The Convention on Biological Diversity defines biodiversity as “the variability among living organisms from all sources [...] this includes diversity within species, between species and of ecosystems” (Article 2, CBD).

But technically, biologists measure biodiversity using indices such as Simpson’s diversity index [here], the Shannon index [here], or species richness [here].

Those indices all express some variant of number of species per unit area. And measurements of biodiversity all indicate the same general condition: Equatorial latitudes have high biodiversity, and polar latitudes have low biodiversity (Antarctica has the lowest biodiversity on the planet).

A new study from Harvard hypothesizes that seasonality impacts biodiversity [here]. The authors note that during the Eocene (54.8-33.7 mya) [here], biodiversity was at its highest point in the history of the Earth. The authors conjecture that the onset of seasons, with wide temperature swings between summer and winter, were the primary cause of subsequent biodiversity loss.

But overall temperature appears to be a more important factor. Global temperatures reached their highest post-Cretaceous levels at about the Paleocene-Eocene transition, and they have been falling ever since. At least five major extinction events occurred in the Eocene alone:

The Lutetian-Bartonian event (41 mya)

The Bartonian-Priabonian event (37 mya)

The Late Priabonian event (35 mya)

The Terminal Eocene event (33.5 mya)

The Late Rupelian event (30.5 mya)

All these extinction events were associated with reductions in global temperature, thinning CO2, declining rainfall, and falling sea levels.

Seasonality has always been a phenomenon of our planet, and is due to the tilt of the Earth’s axis, also known as obliquity [here]. The tilt is nothing new. The Earth has been tilted for billions of years.

However, seasonality did become more pronounced as the Eocene gave way to the Oligocene (35.4-29.3 mya) [here] and even more so during the Miocene (29.3-6.7 mya). Then the Ices Ages ensued, and seasonality grew even stronger. But it was not the difference between the seasons that was so damaging to biodiversity — it was the fact that the climate across much of the globe dropped below freezing.

When the temperature is so cold that water turns to ice, life in general perishes. Living things are liquid water-based. We die if the water in our bodies turns to solid ice.

Some plants and animals have evolved defenses against sub-freezing temperatures, such as thick fur, internal body heat regulation, and dormancy. The Order of Mammals arose during the Eocene but really expanded as the climate grew colder. Deciduousness (winter dormancy in trees) also arose in the Eocene, first in response to six-month dark periods above the Arctic Circle. Trees that expressed winter dormancy migrated south during the Oligocene and Miocene, where their resilience to freezing conditions gave them competitive advantage.

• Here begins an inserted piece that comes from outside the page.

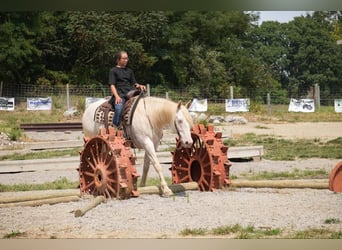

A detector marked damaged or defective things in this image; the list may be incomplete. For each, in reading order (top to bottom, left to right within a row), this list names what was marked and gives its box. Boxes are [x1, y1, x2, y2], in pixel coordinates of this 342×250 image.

rusty metal wheel [78, 128, 139, 198]
rusty metal wheel [171, 123, 232, 191]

The article about the Harvard paper states:

At the time [the Eocene] the McAbee fossils were created, Earth’s climate was far less seasonal at all latitudes, allowing tropical species, such as palm trees and crocodiles, to live in what is now the high Arctic.

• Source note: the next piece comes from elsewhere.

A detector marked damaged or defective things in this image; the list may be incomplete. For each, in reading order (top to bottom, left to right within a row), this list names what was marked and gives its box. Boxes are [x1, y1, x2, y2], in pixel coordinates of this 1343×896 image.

But as must be obvious to everyone, lack of seasonality was not the thing that allowed crocodiles to bask under palm trees in the Arctic. Warmth was. Crocodiles and palm trees today live where seasons come and go, but they do not live where it’s cold.

The article continues:

When the Arctic was warm in the past, like the rest of the planet, it had a high degree of biodiversity, like the tropics do today.

That statement is more acceptable. Note that it says nothing about seasons.

When the earth was warmer than today, such as in the Eocene, Oligocene, and Miocene, there was much greater biodiversity.

If significant global warming occurs in the future (which is very doubtful), it will be good for biodiversity.

The U.N. is working at cross-purposes with itself. It wants to chill the planet but also wishes to increase biodiversity. Those are mutually exclusive goals.

The U.N. also desires One World Authoritarian government, but as must be obvious to everyone, One World Authoritarian government would not improve anything. We would still have nutzo leaders who work at cross-purposes with themselves, much to the detriment of humanity as well as to the environment.

One Worlders are not your friends. Nor are they friends of the environment. But that is restating the obvious.